Featured image: https://www.pexels.com/fr-fr/photo/famille-marchant-sur-le-chemin-1682497/

Ontario Passes Landmark Climate Change Legislation

Today, Ontario passed landmark climate change legislation that lays a foundation for the province to join the biggest carbon market in North America and ensures that the province is accountable for responsibly and transparently investing proceeds from the cap and trade program into actions that reduce greenhouse gas pollution, create jobs and help people and businesses shift to a low-carbon economy.
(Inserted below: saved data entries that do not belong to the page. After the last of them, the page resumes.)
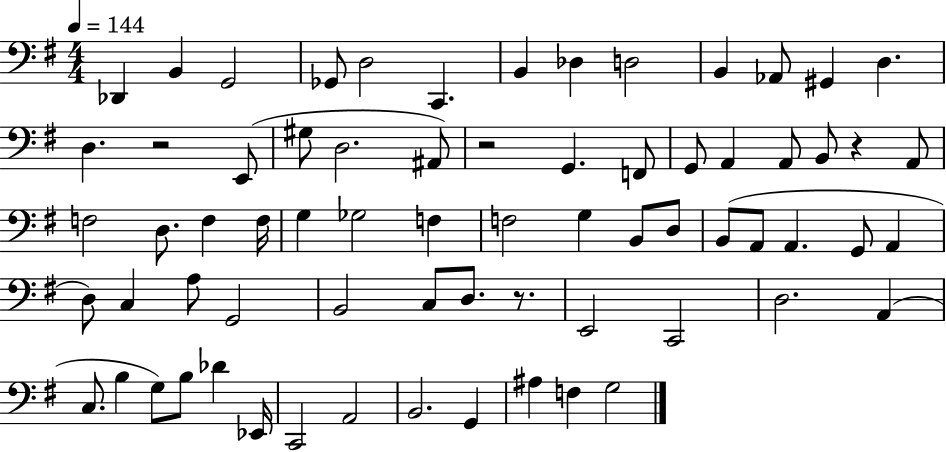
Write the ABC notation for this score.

X:1
T:Untitled
M:4/4
L:1/4
K:G
_D,, B,, G,,2 _G,,/2 D,2 C,, B,, _D, D,2 B,, _A,,/2 ^G,, D, D, z2 E,,/2 ^G,/2 D,2 ^A,,/2 z2 G,, F,,/2 G,,/2 A,, A,,/2 B,,/2 z A,,/2 F,2 D,/2 F, F,/4 G, _G,2 F, F,2 G, B,,/2 D,/2 B,,/2 A,,/2 A,, G,,/2 A,, D,/2 C, A,/2 G,,2 B,,2 C,/2 D,/2 z/2 E,,2 C,,2 D,2 A,, C,/2 B, G,/2 B,/2 _D _E,,/4 C,,2 A,,2 B,,2 G,, ^A, F, G,2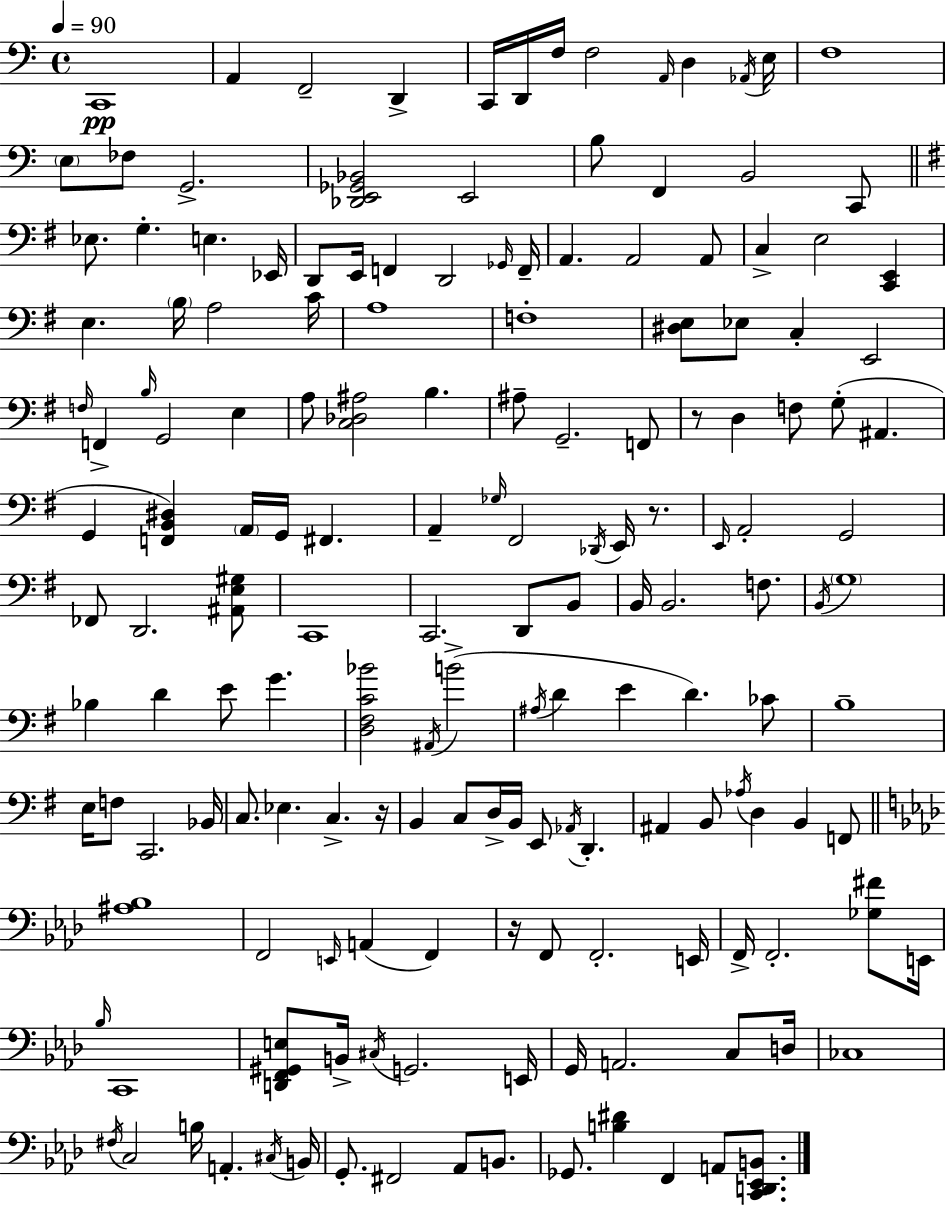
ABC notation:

X:1
T:Untitled
M:4/4
L:1/4
K:C
C,,4 A,, F,,2 D,, C,,/4 D,,/4 F,/4 F,2 A,,/4 D, _A,,/4 E,/4 F,4 E,/2 _F,/2 G,,2 [_D,,E,,_G,,_B,,]2 E,,2 B,/2 F,, B,,2 C,,/2 _E,/2 G, E, _E,,/4 D,,/2 E,,/4 F,, D,,2 _G,,/4 F,,/4 A,, A,,2 A,,/2 C, E,2 [C,,E,,] E, B,/4 A,2 C/4 A,4 F,4 [^D,E,]/2 _E,/2 C, E,,2 F,/4 F,, B,/4 G,,2 E, A,/2 [C,_D,^A,]2 B, ^A,/2 G,,2 F,,/2 z/2 D, F,/2 G,/2 ^A,, G,, [F,,B,,^D,] A,,/4 G,,/4 ^F,, A,, _G,/4 ^F,,2 _D,,/4 E,,/4 z/2 E,,/4 A,,2 G,,2 _F,,/2 D,,2 [^A,,E,^G,]/2 C,,4 C,,2 D,,/2 B,,/2 B,,/4 B,,2 F,/2 B,,/4 G,4 _B, D E/2 G [D,^F,C_B]2 ^A,,/4 B2 ^A,/4 D E D _C/2 B,4 E,/4 F,/2 C,,2 _B,,/4 C,/2 _E, C, z/4 B,, C,/2 D,/4 B,,/4 E,,/2 _A,,/4 D,, ^A,, B,,/2 _A,/4 D, B,, F,,/2 [^A,_B,]4 F,,2 E,,/4 A,, F,, z/4 F,,/2 F,,2 E,,/4 F,,/4 F,,2 [_G,^F]/2 E,,/4 _B,/4 C,,4 [D,,F,,^G,,E,]/2 B,,/4 ^C,/4 G,,2 E,,/4 G,,/4 A,,2 C,/2 D,/4 _C,4 ^F,/4 C,2 B,/4 A,, ^C,/4 B,,/4 G,,/2 ^F,,2 _A,,/2 B,,/2 _G,,/2 [B,^D] F,, A,,/2 [C,,D,,_E,,B,,]/2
Under the Climate Change Mitigation and Low-Carbon Economy Act, money raised from Ontario’s cap and trade program will be deposited into a new Greenhouse Gas Reduction Account. The account will invest every dollar in green projects and initiatives that reduce emissions.

Following extensive consultation with industry and other groups, the legislation was strengthened by now requiring enhanced accountability and public reporting on the province’s upcoming Climate Change Action Plan and investment of cap and trade proceeds.
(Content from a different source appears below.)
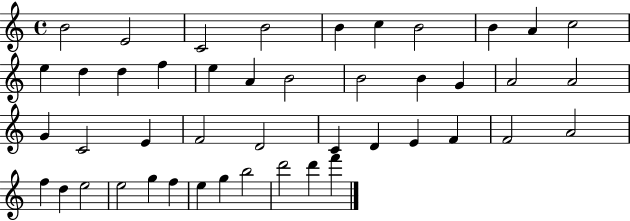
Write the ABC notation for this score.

From J. Magnuson's Book on the approaching post-carbon economy. Link below.
           From J. Magnuson’s Book on the approaching post-carbon economy. Link below.
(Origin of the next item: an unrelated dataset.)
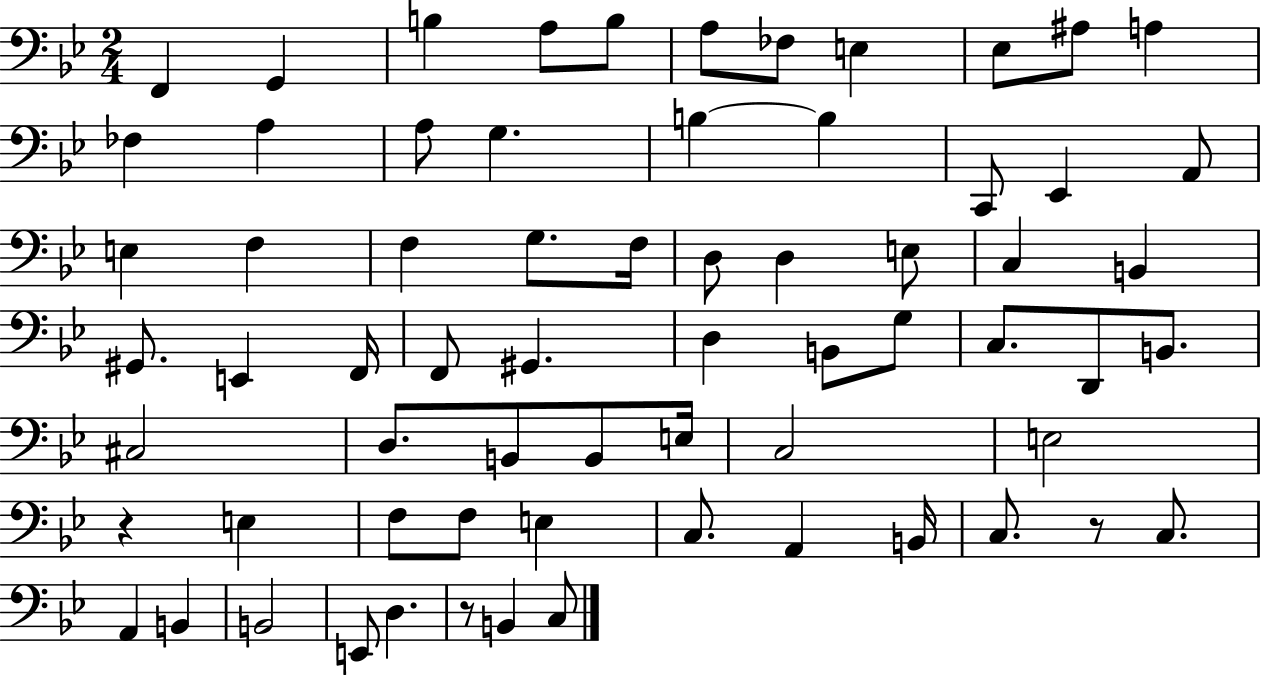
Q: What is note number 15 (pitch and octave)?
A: G3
Ontario will post its final cap and trade regulation upon royal assent of the legislation. The regulation covers detailed rules and obligations for businesses participating in the program. The final design was also informed by extensive consultation https://www.ontario.ca/page/cap-and-trade-consultations-summary with businesses, industry, the public, environmental organizations and Indigenous communities.

Climate change is not a distant threat – it is already costing the people of Ontario. It has damaged our environment, caused extreme weather like floods and droughts, and hurt our ability to grow food in some regions. Over the near term, climate change will increase the cost of food and insurance rates, harm wildlife and nature, and eventually make the world inhospitable for our children and grandchildren.

Minister of Climate Change Glen Murray
         Minister of Climate Change Glen Murray

Fighting climate change while supporting growth, efficiency and productivity is part of the government’s economic plan to build Ontario up and deliver on its number-one priority to grow the economy and create jobs. The four-part plan includes investing in talent and skills, including helping more people get and create the jobs of the future by expanding access to high-quality college and university education. The plan is making the largest investment in public infrastructure in Ontario’s history and investing in a low-carbon economy driven by innovative, high-growth, export-oriented businesses. The plan is also helping working Ontarians achieve a more secure retirement.

QUOTES

“Passing the Climate Change Mitigation and Low-Carbon Economy Act marks the start of the next chapter in Ontario’s transformation to an innovative and prosperous low-carbon economy — one that will benefit households, businesses, industry and communities across the province. This legislation is about enshrining in law our resolve and action to protect and strengthen our environment for generations to come.”

— Glen Murray, Minister of the Environment and Climate Change

QUICK FACTS

§ Ontario’s Climate Change Action Plan is the next step in Ontario’s ongoing fight against climate change and is expected to be released in spring 2016. The plan will describe actions that will help more Ontario households and businesses to adopt low- and no-carbon energy in homes, vehicles and workplaces.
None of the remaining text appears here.